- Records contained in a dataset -
######

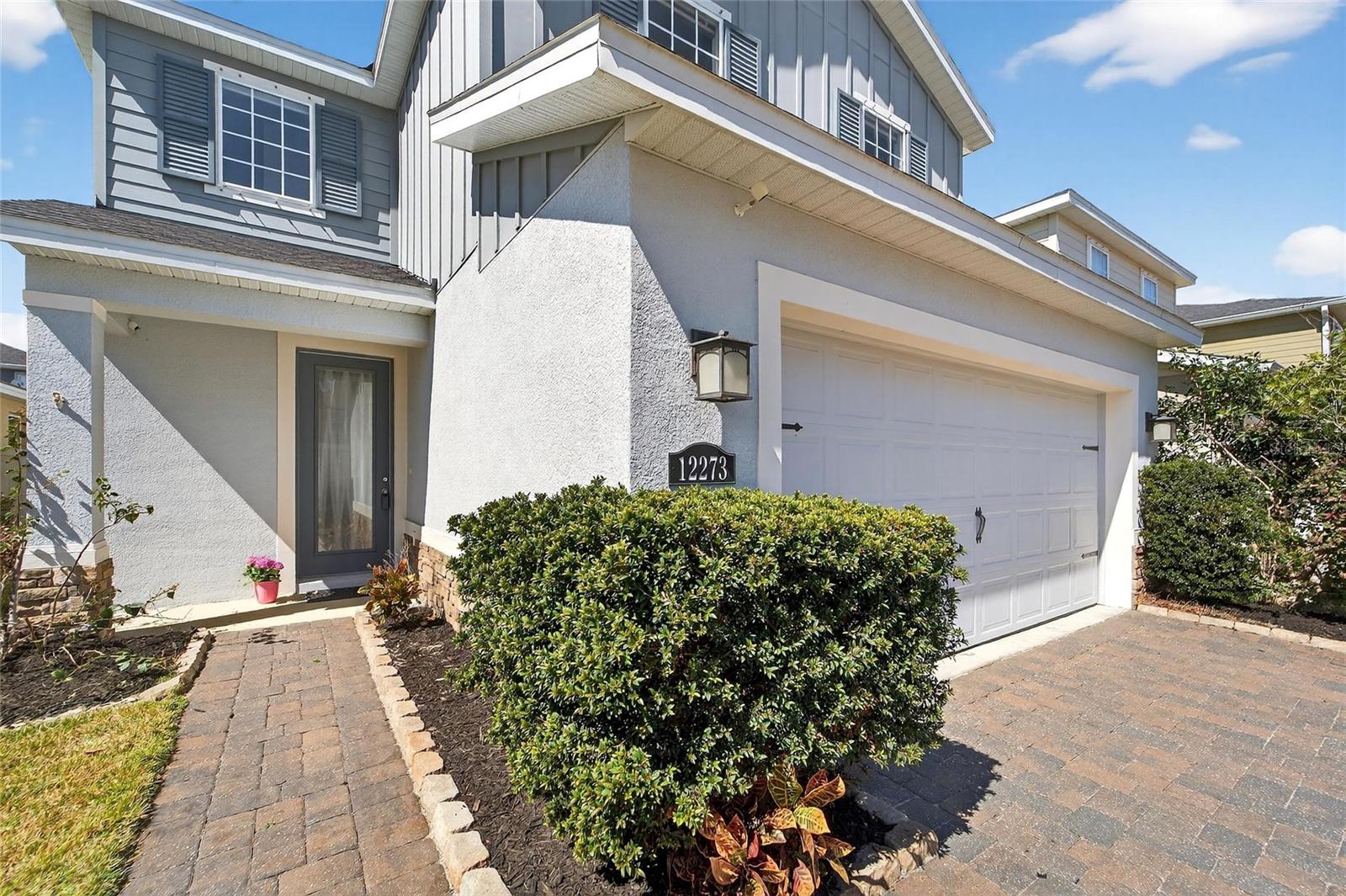 12273 BLUE PACIFIC DR — photo 3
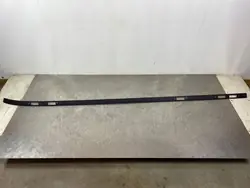 Barra de tejadilho OEM FOB57871 para Hyundai Santa Fe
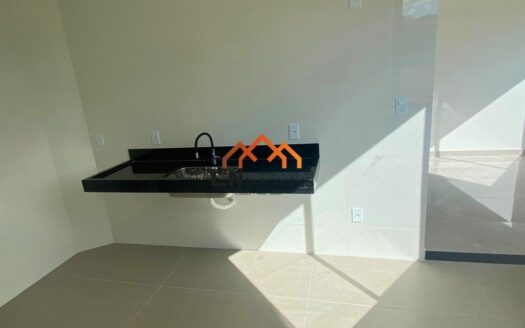 Apartamento à venda no bairro Grã Duquesa com financiamento – Governador Valadares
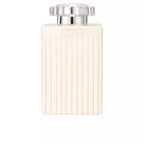 CHLOE-loção corporal CHLOÉ SIGNATURE 200 ml-DrShampoo - Perfumaria e Cosmética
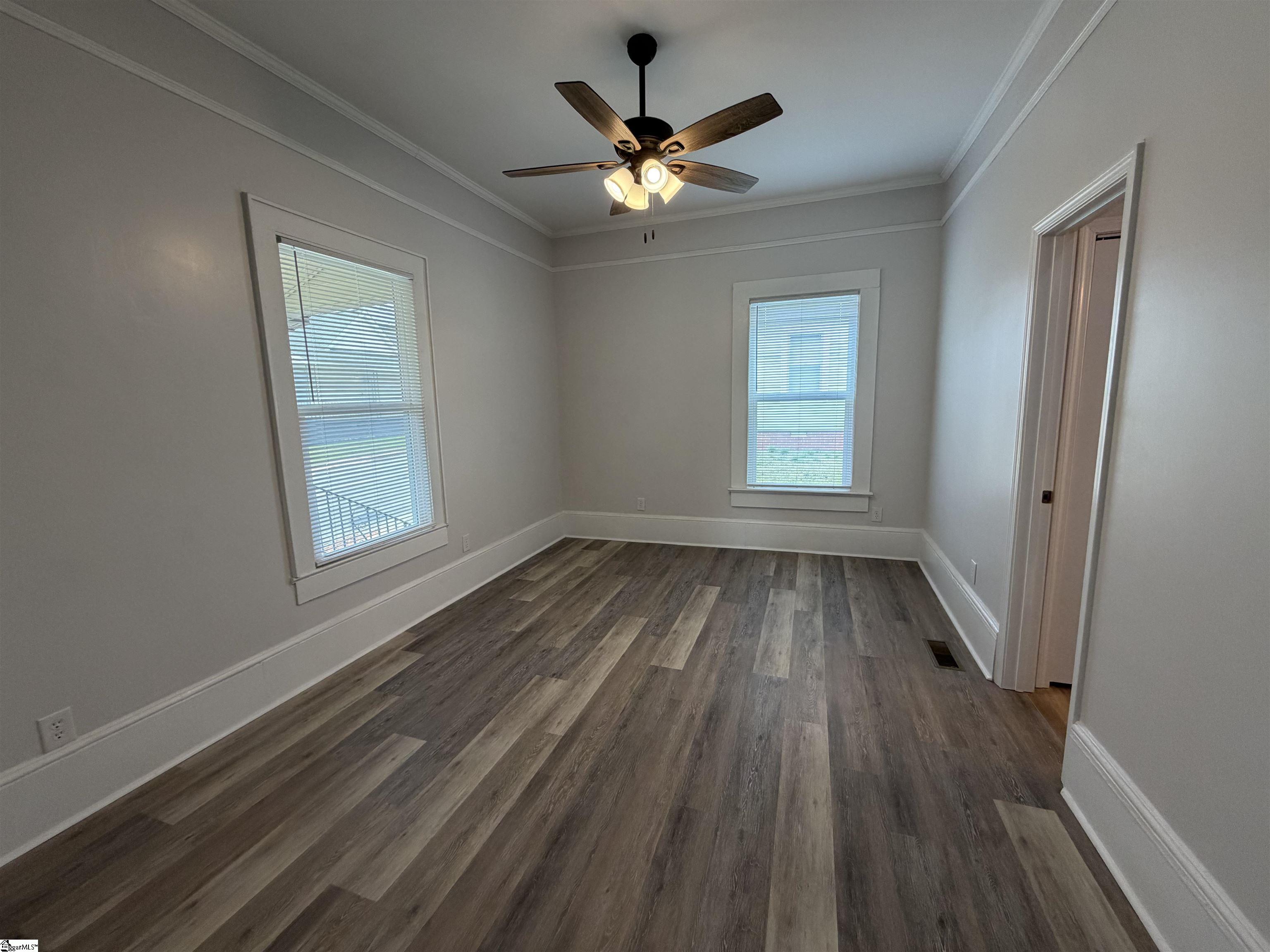 100 Boston Street Anderson, SC 29625 - Photo 36 of 50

######

- ASSIGNED TASK -
Leaving aside the images, write out the entries above word for word.

- ANSWER SECTION -
 12273 BLUE PACIFIC DR — photo 3
 Barra de tejadilho OEM FOB57871 para Hyundai Santa Fe
 Apartamento à venda no bairro Grã Duquesa com financiamento – Governador Valadares
 CHLOE-loção corporal CHLOÉ SIGNATURE 200 ml-DrShampoo - Perfumaria e Cosmética
 100 Boston Street Anderson, SC 29625 - Photo 36 of 50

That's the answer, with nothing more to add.